## Material provided
------------------------------------------------------------------------

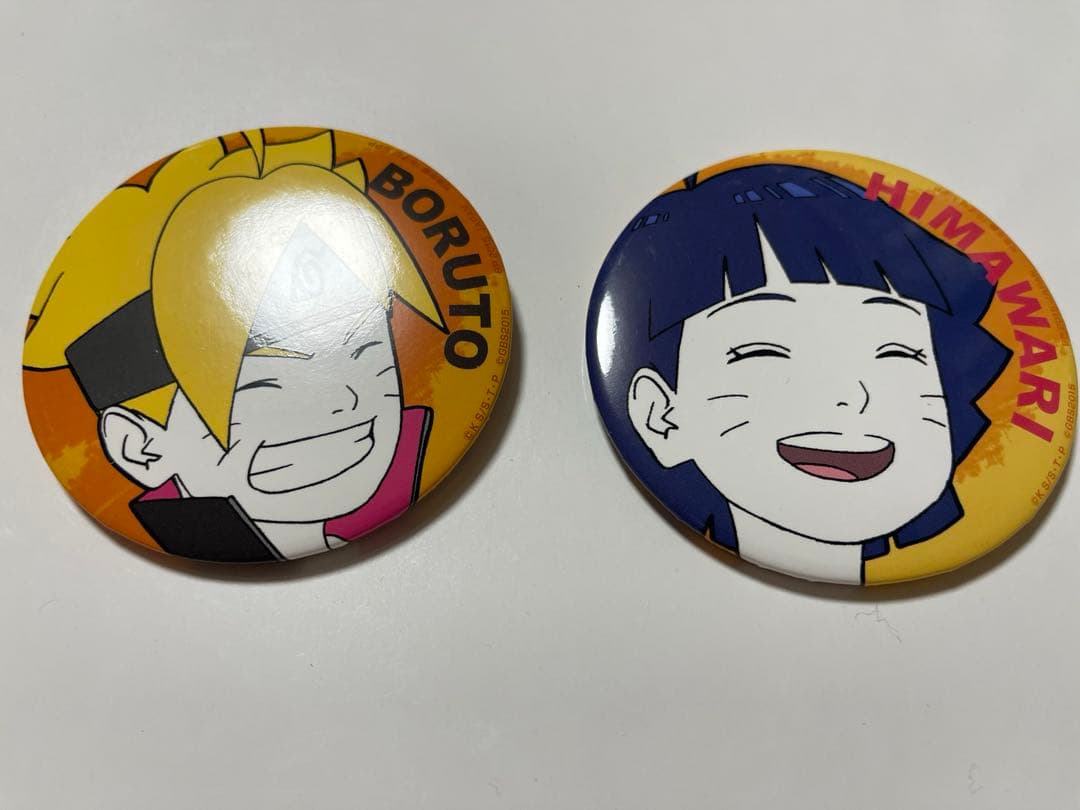 NARUTO BORUTO 一番くじ　バラエティ缶バッジ　ボルト　ヒマワリ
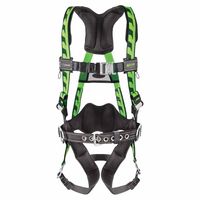 AirCore Full Body Harness, Quick Connect Buckles, Polyester, Blue, Size L/XL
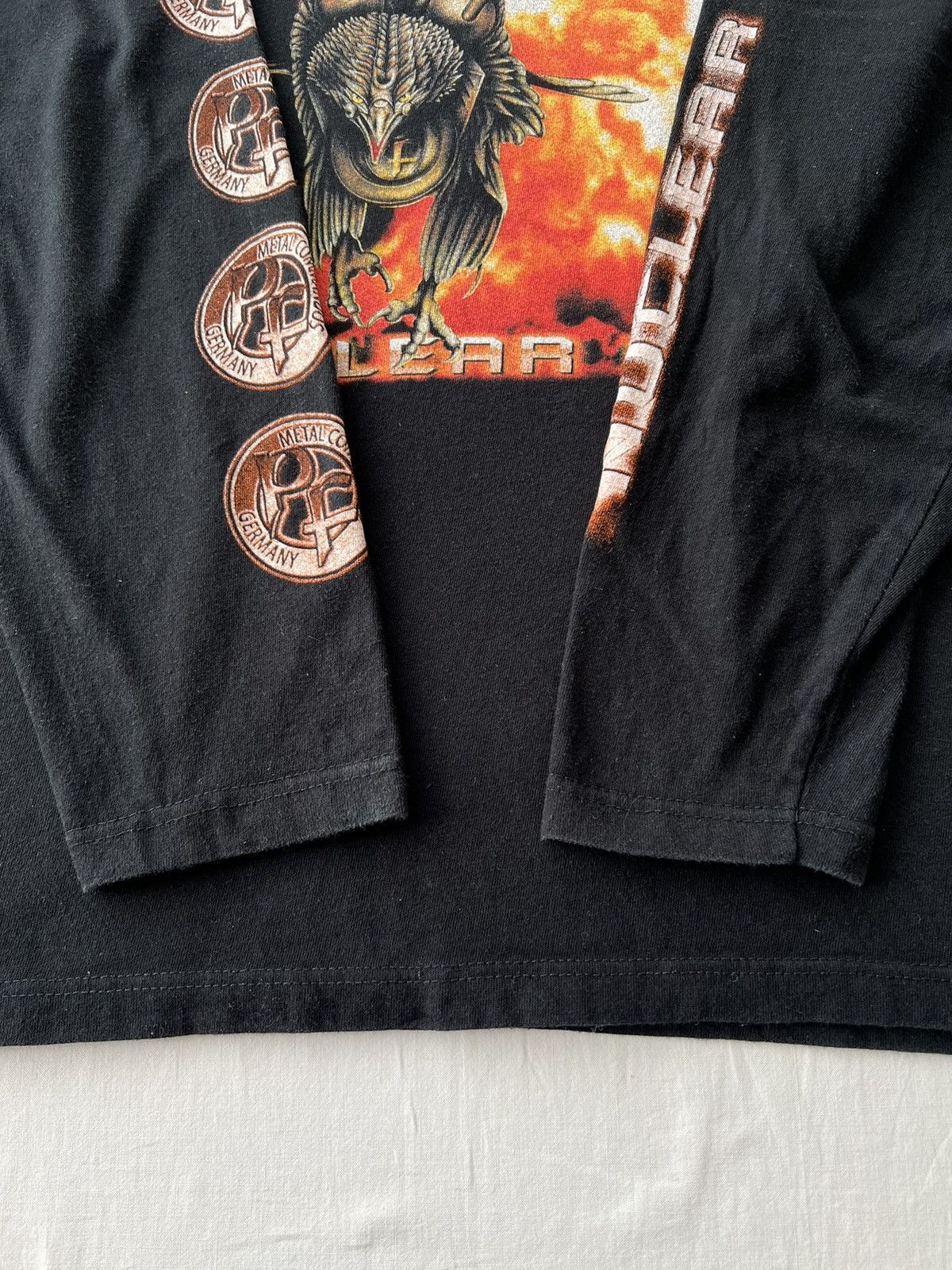 Band Tees Vintage 2001 Primal Fear Nuclear Fire Metal Band Long Sleeve Size US L / EU 52-54 / 3 - 13 Thumbnail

------------------------------------------------------------------------

## Work required
Return exactly the lines starting at the line with "AirCore Full Body" and ending at the last line of the listing, both ends included; pictures are to be left out.

## Exercise response
 AirCore Full Body Harness, Quick Connect Buckles, Polyester, Blue, Size L/XL
 Band Tees Vintage 2001 Primal Fear Nuclear Fire Metal Band Long Sleeve Size US L / EU 52-54 / 3 - 13 Thumbnail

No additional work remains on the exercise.